Records contained in a dataset =

-------------------------

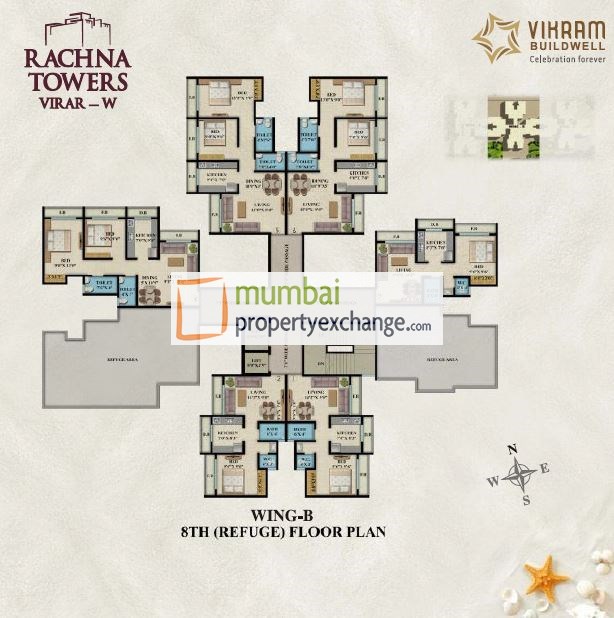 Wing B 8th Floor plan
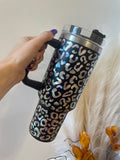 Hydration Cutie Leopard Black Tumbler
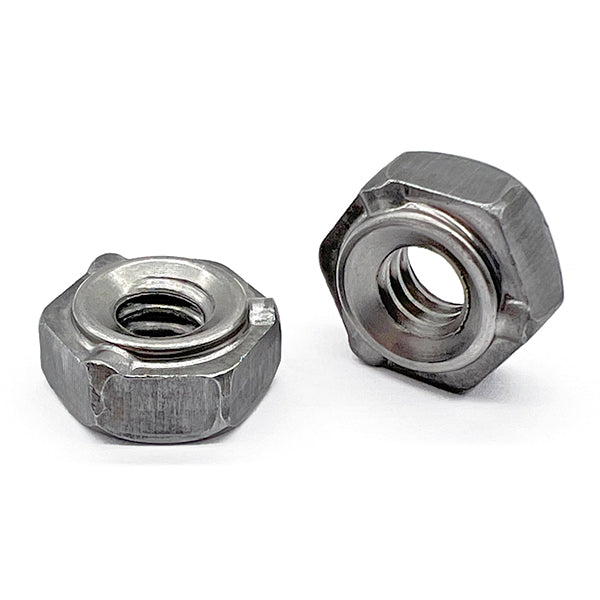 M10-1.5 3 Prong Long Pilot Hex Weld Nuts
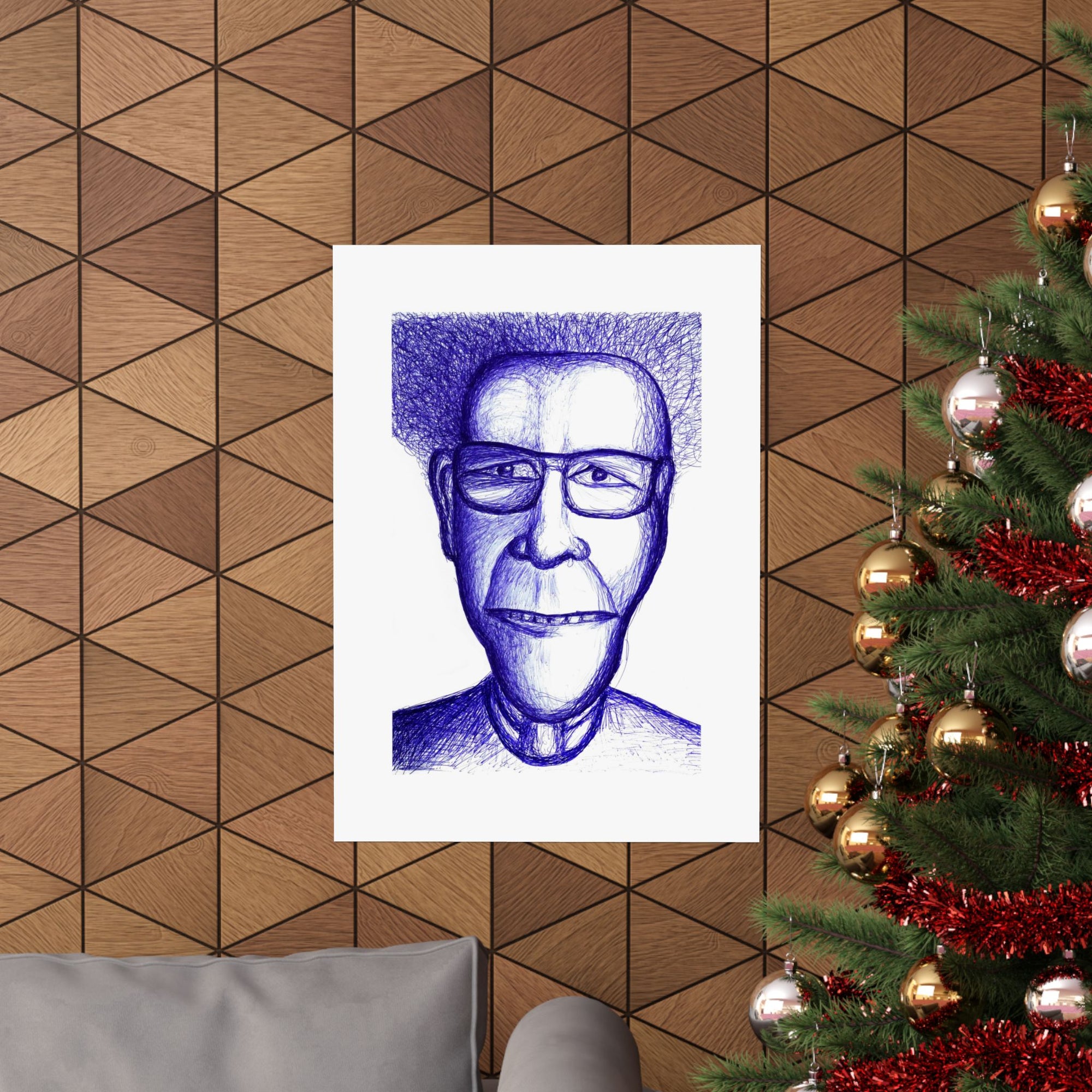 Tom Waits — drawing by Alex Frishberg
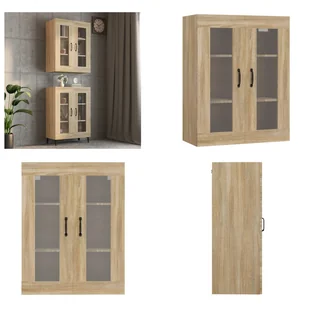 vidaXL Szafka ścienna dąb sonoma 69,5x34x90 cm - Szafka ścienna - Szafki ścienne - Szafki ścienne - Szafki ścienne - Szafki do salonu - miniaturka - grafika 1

-------------------------

To do = Exact repetition of each line above is expected; images are to be omitted.

Solved problem =
 Wing B 8th Floor plan
 Hydration Cutie Leopard Black Tumbler
 M10-1.5 3 Prong Long Pilot Hex Weld Nuts
 Tom Waits — drawing by Alex Frishberg
 vidaXL Szafka ścienna dąb sonoma 69,5x34x90 cm - Szafka ścienna - Szafki ścienne - Szafki ścienne - Szafki ścienne - Szafki do salonu - miniaturka - grafika 1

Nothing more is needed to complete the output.